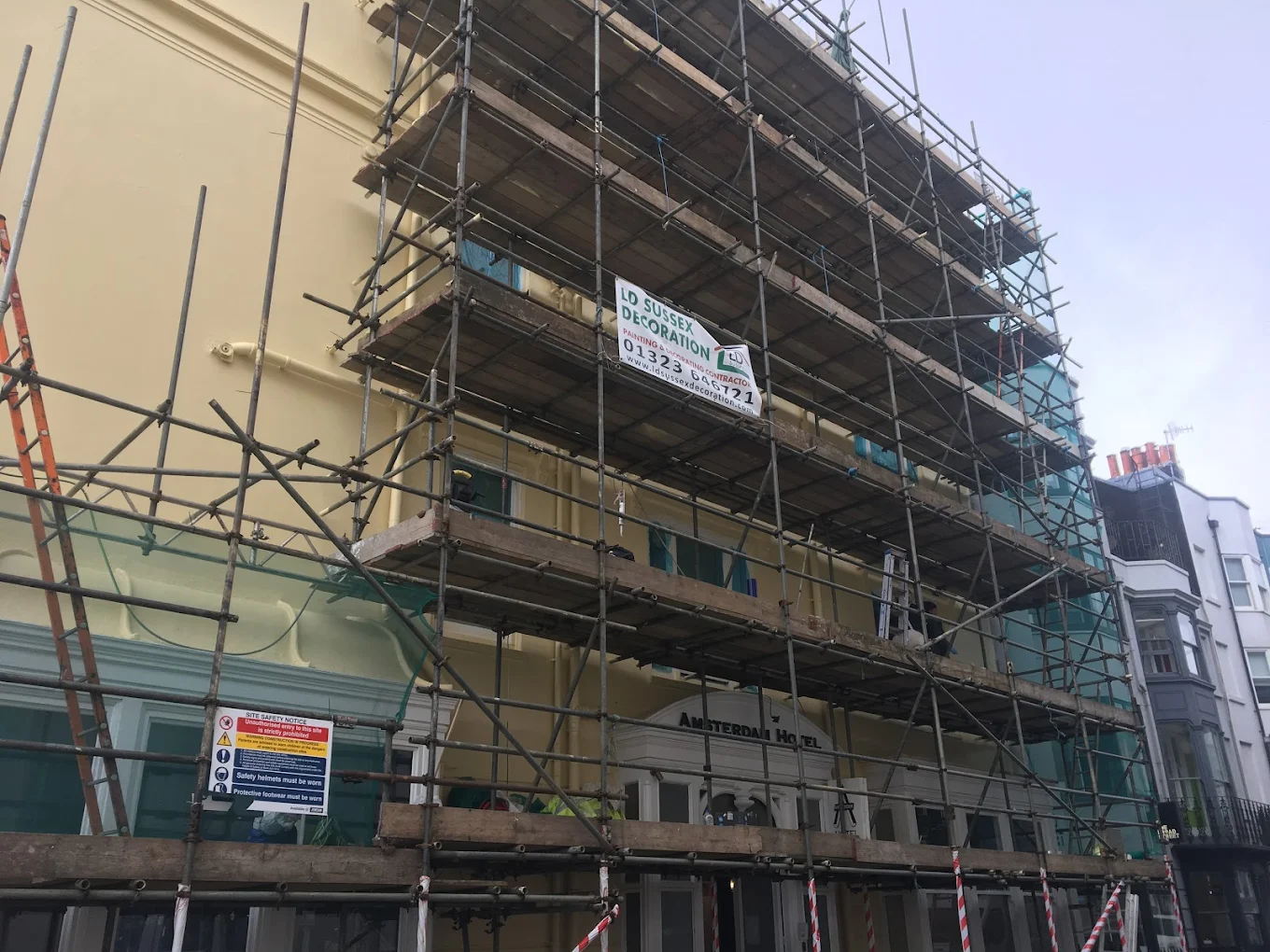 Scaffolding surrounding the exterior of Amsterdam Hotel, during a full exterior renovation project, led by LD Sussex Decoration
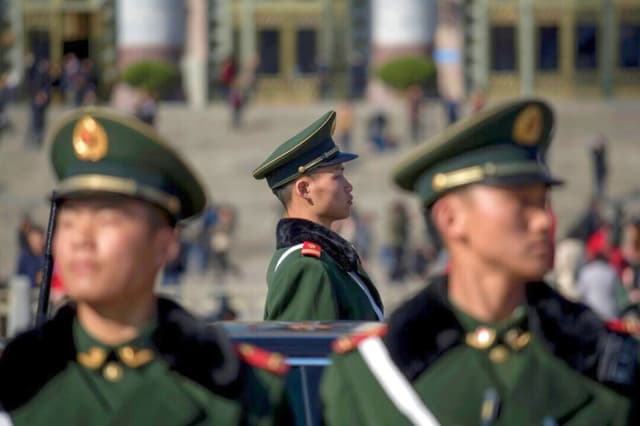 Oficiales de la policía paramilitar posan frente al Gran Salón del Pueblo durante la inauguración de la legislatura china, el Congreso Nacional del Pueblo, en Beijing, el 5 de marzo de 2017. (Fred Dufour/AFP/Getty Images).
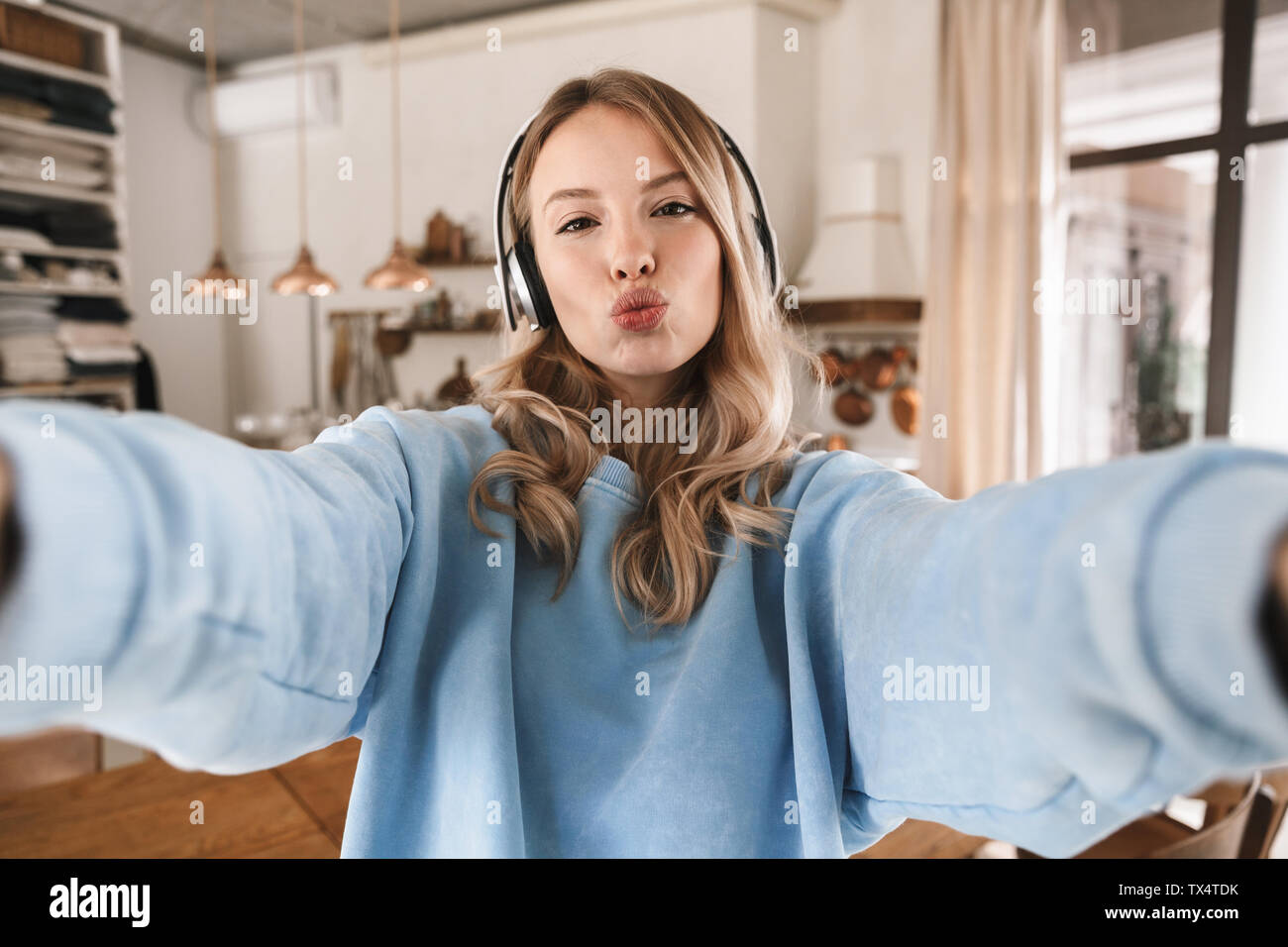 Portrait de belle fille blonde 20s portant des écouteurs de sourire et de prendre photo selfies lors de l'écoute de musique à la maison Banque D'Images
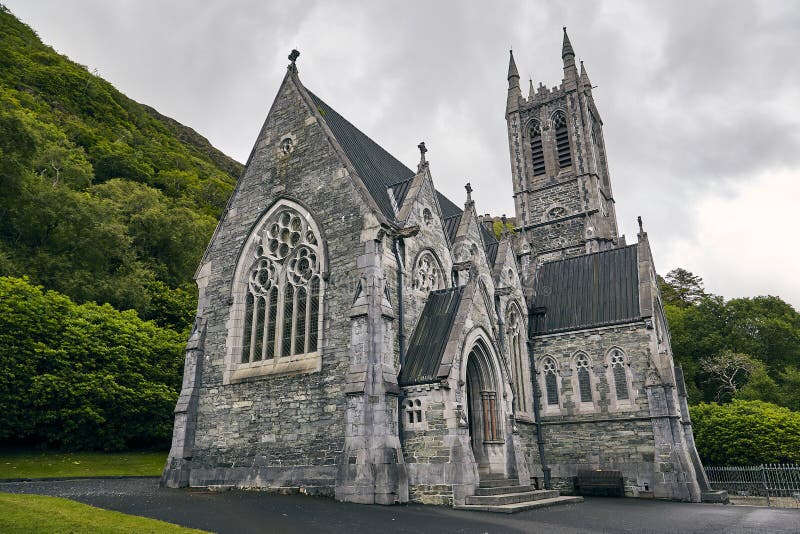 Low angle shot of Kylemore Abbey in Ireland surrounded by greenery royalty free stock photos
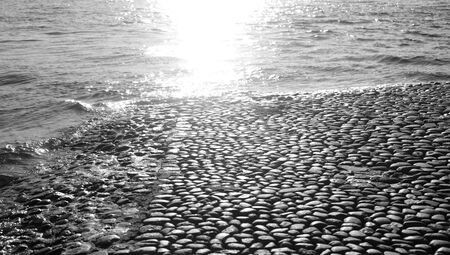 Paving stones of the embankment near the river at sunny day. Black and white.の写真素材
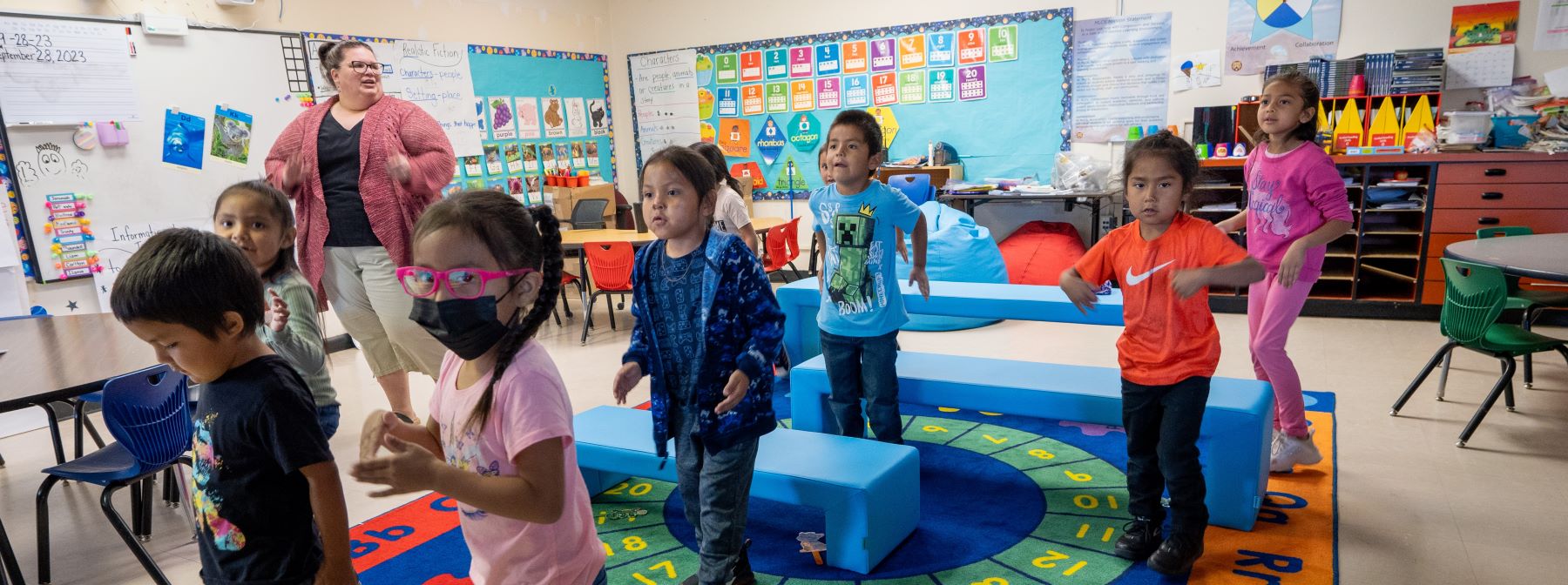 Teacher and students up and moving in classroom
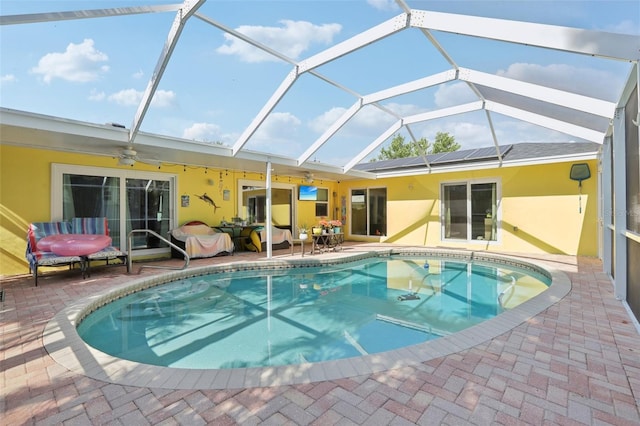 outdoor pool featuring a patio, ceiling fan, and a lanai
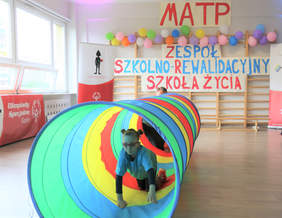 Pokaż zdjęcie: Na sali gimnastycznej jest rozłożony długi, kolorowy tunel przez który przechodzi dziewczynka w okularach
------------------------------------------------
Return every entry from the listing above exactly as it stands, leaving out any picture.

**TASK SOLUTION:**
 Scaffolding surrounding the exterior of Amsterdam Hotel, during a full exterior renovation project, led by LD Sussex Decoration
 Oficiales de la policía paramilitar posan frente al Gran Salón del Pueblo durante la inauguración de la legislatura china, el Congreso Nacional del Pueblo, en Beijing, el 5 de marzo de 2017. (Fred Dufour/AFP/Getty Images).
 Portrait de belle fille blonde 20s portant des écouteurs de sourire et de prendre photo selfies lors de l'écoute de musique à la maison Banque D'Images
 Low angle shot of Kylemore Abbey in Ireland surrounded by greenery royalty free stock photos
 Paving stones of the embankment near the river at sunny day. Black and white.の写真素材
 Teacher and students up and moving in classroom
 outdoor pool featuring a patio, ceiling fan, and a lanai
 Pokaż zdjęcie: Na sali gimnastycznej jest rozłożony długi, kolorowy tunel przez który przechodzi dziewczynka w okularach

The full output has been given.